Another example shared by Boudreau looked at the relationship between Siemens and Disney. Siemens, a massive German-based automation company that generates more than $6 billion in annual revenue, developed a hearing aid for children. Recognizing the expertise of its strategic partner Disney, Siemens opted to leverage its ally’s experience marketing to children instead of hiring new marketing-team members with this type of background.

The key thread throughout Boudreau’s presentation was that these types of work relationships and alliances (contractors, freelancers, outsourced labor, etc.) would continue to grow side-by-side with traditional employee relationships. This brings us to a question: If we take away the assumption that all work in organizations will be done by regular full-time employees, how will that fundamentally change our approach to HR and worker engagement? The answer, as Boudreau noted, is that, “A world beyond employment requires shifting many basic assumptions in HR, including the meaning, value and methods to achieve diversity and inclusion.”
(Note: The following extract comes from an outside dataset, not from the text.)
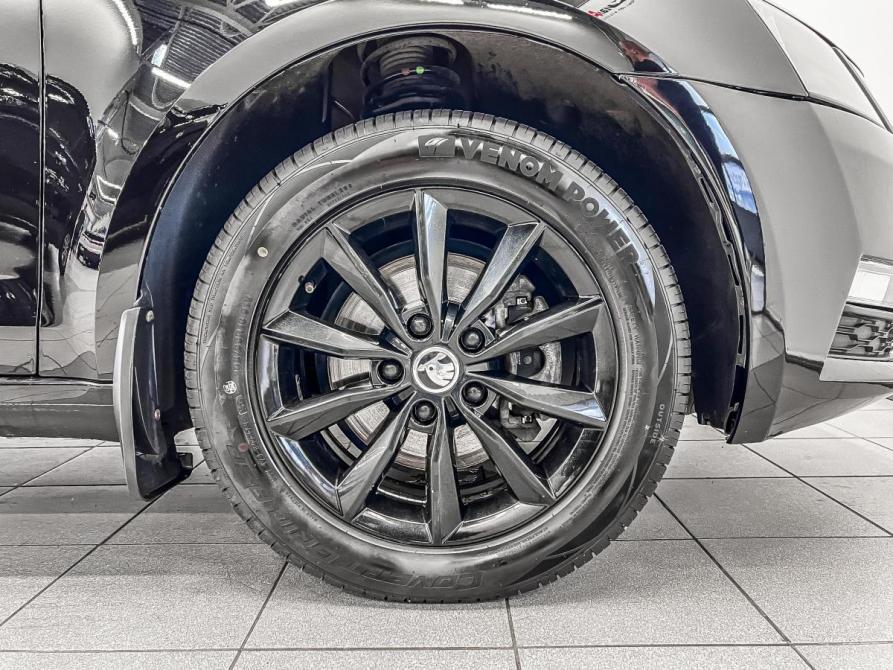 Skoda Octavia III (A7) Рестайлинг Красноярск  - изображение 30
After his presentation, I spoke to Boudreau about the huge implications of what he was discussing for the diversity and inclusion community. While diversity and inclusion have clearly evolved over the past few decades, the focus has largely remained within the “construct” we call the company and its various departments and employees.

Here are a few of the questions I believe that you, as an employee network leader, might want to consider in light of these changes to the way work is accomplished:

  1. Should we move from employee networks (employee resource groups or business resource groups), which consist solely of company employees, to worker resource groups, which include every person involved in the work of creating value for the company’s customers?
  2. How can we leverage virtual meeting platforms to create a larger community that includes not only workers on our campuses who are not employees but also those that may be in another company, state or country?
  3. What roles, apart from being members, will these new WRG participants play? What would a core leadership group, comprised of people from different organizations and possibly a contractor and temporary worker, look like? Could this team of various worker-types be co-chairs?
  4. Where should these new WRGs look for executive sponsors? Should they have more than one sponsor to tap into pools across organizations?
  5. How will these employee networks, that transcend the construct called the company and its employees, secure their budgets? Will there be a hybrid approach for funding, for example, one that combines traditional company support with other types of funding?
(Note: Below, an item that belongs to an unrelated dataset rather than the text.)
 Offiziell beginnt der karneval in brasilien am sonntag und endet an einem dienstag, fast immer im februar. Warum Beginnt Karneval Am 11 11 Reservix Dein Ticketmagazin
From these questions and others, we should come up with a completely new array of “next-employee-network-practices” that support the needs of organizations and their workforces.

As we look at the evolution of work and its significance for diversity and inclusion, we have a choice to make: We can observe this process, see how it plays out, and then react to it, or we can take hold of it and steer it in a direction more to our liking and competitive advantage.

As Abraham Lincoln once said, “The best way to predict your future is to create it.” I trust these questions will inspire you to begin creating the employee networks of the future.